Тяжело узнавать тебя с этой стороны, такую, как ты сейчас.

Я всегда была собой, сказала я, прости меня, но это правда.

Выходит, я тебя на самом деле не знал, сказал Стюарт, и знать теперь не хочу.

Стюарт подождал, пока меня не забрала мама.

Куп ушел не простившись.

И вот уже четыре дня Куп не отвечает на мои эсэмэски.

Написал только: «может, тебе стоит сейчас побыть с семьей и со своим парнем, обдумать все хорошенько».

Стюарт попросил оставить его в покое.

А я не хочу, чтобы меня оставляли в покое.

Просто хочу, чтобы Куп мне хоть что-нибудь сказал.

Хоть слово.

Пусть даже просто «прощай».

Большой мир

Пару дней я жила как в тумане. Слонялась из угла в угол, разговаривала сама с собой. Я не чувствую разницы между болезнью и обычной тоской. Точно так же не хочется вылезать по утрам из постели. Все так же подернуто тяжелой белой пеленой. И так же вскакиваю среди ночи с мыслью: что со мной? что не так?

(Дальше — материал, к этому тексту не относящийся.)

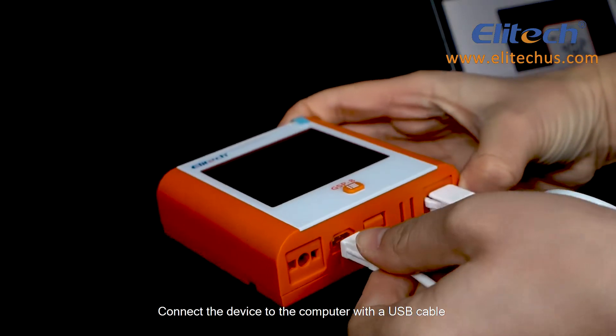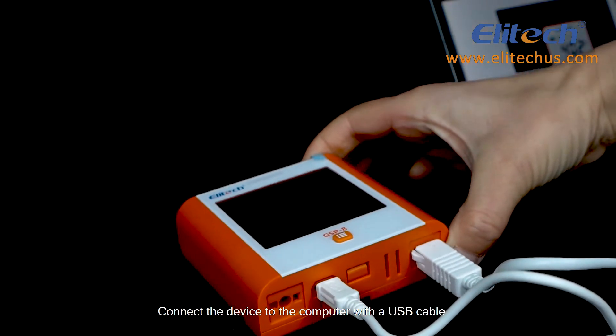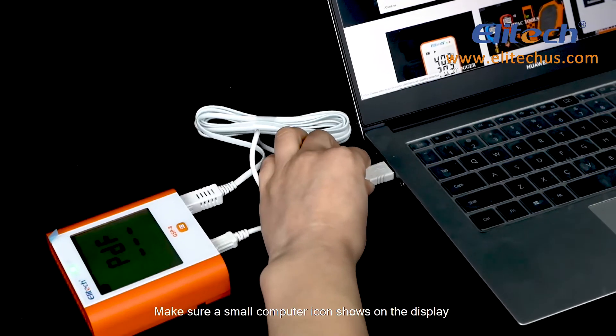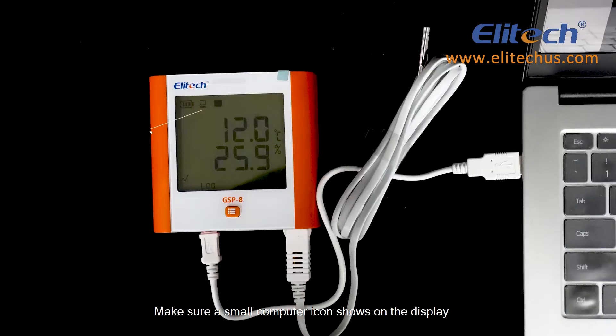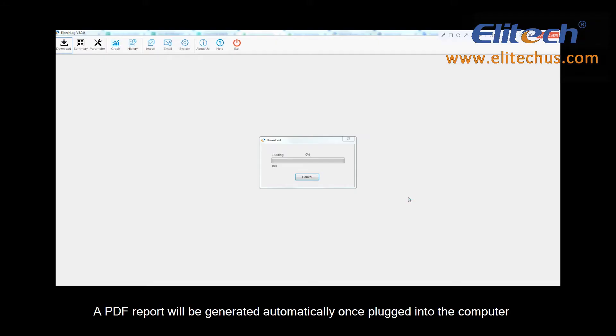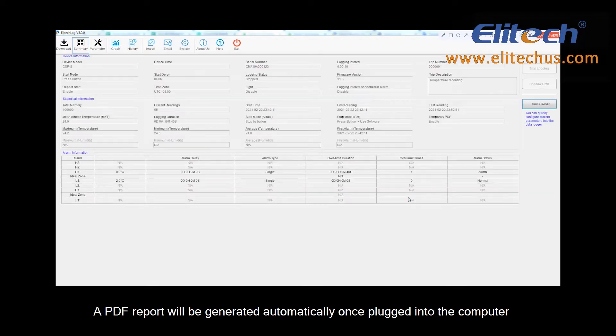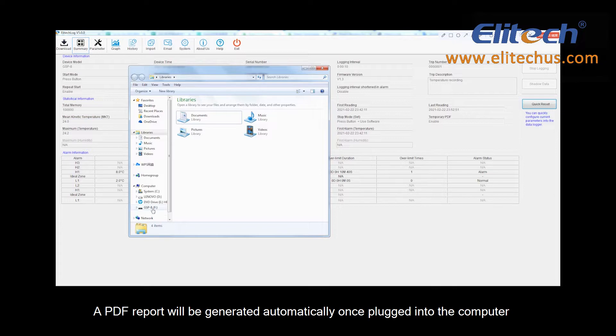Connect the device to the computer with a USB cable. Make sure a small computer icon shows on the display. A PDF report will be generated automatically once plugged into the computer.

Мама с папой советуют пока забыть о Купе и о Стюарте, выбросить из головы обоих и настроиться на лучшее. Говорят, Куп вернется, никуда не денется. А еще говорят, что ни Купу, ни Стюарту, ни кому-то еще до конца не понять, что со мной сейчас происходит. Но я-то сама все понимаю! Я сознавала, что делаю, хотела все это пережить, испытать. Наверное, я с самого начала понимала, что тороплю события, прежде чем ход жизни для меня замедлится.

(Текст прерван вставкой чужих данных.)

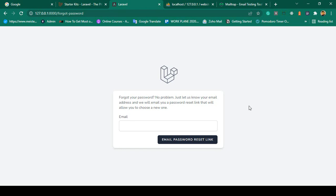Hello friend, welcome back. In our previous video I have already completed the register, login, and also the file list feature for our Laravel project.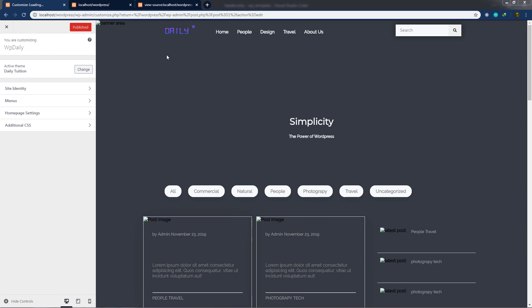We have seen how easy it is to add a site logo to the WordPress theme. Now let's see how to add navigation links to this WordPress theme.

При этом я не представляла, что замедление на самом деле так приятно. И в то же время так мучительно. А может, и представляла, но меня это не остановило.

Мама и папа сейчас дома, не работают.

Накануне вечером, после ужина, когда младшие уже легли спать, я записала разговор с родителями. Они рассказывали мне, как они познакомились.

МАРК МАККОЙ, 45 ЛЕТ, И ДЖИА ТАРЛОТТ МАККОЙ, 42 ГОДА РАСШИФРОВКА АУДИОЗАПИСИ:

Мама: Мы оба закончили школу и устроились работать на горнолыжную базу. Папа жил в Вест-Ливане, а я в Гановере.